* _What the exercise asks_
Using the data below, restate exactly every line from the one with "Intex Air Bed" up to and including the one with "Work Sharp Точилка". No picture belongs in it.

* _Listed records_
------

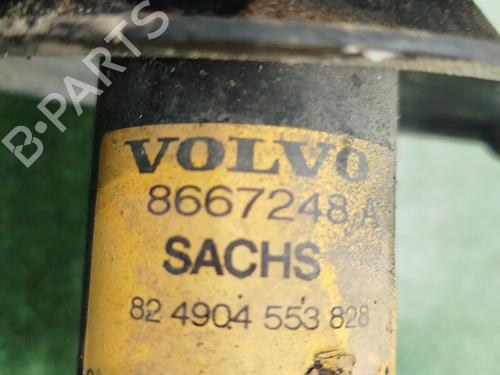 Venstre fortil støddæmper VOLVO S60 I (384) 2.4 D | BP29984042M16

------

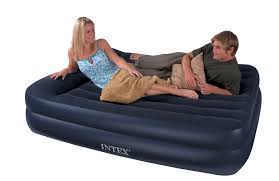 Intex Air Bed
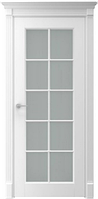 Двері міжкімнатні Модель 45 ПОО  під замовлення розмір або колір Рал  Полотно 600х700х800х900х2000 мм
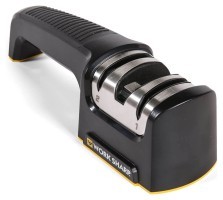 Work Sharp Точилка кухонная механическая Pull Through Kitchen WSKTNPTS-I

------

* _Written solution_
 Intex Air Bed
 Двері міжкімнатні Модель 45 ПОО  під замовлення розмір або колір Рал  Полотно 600х700х800х900х2000 мм
 Work Sharp Точилка кухонная механическая Pull Through Kitchen WSKTNPTS-I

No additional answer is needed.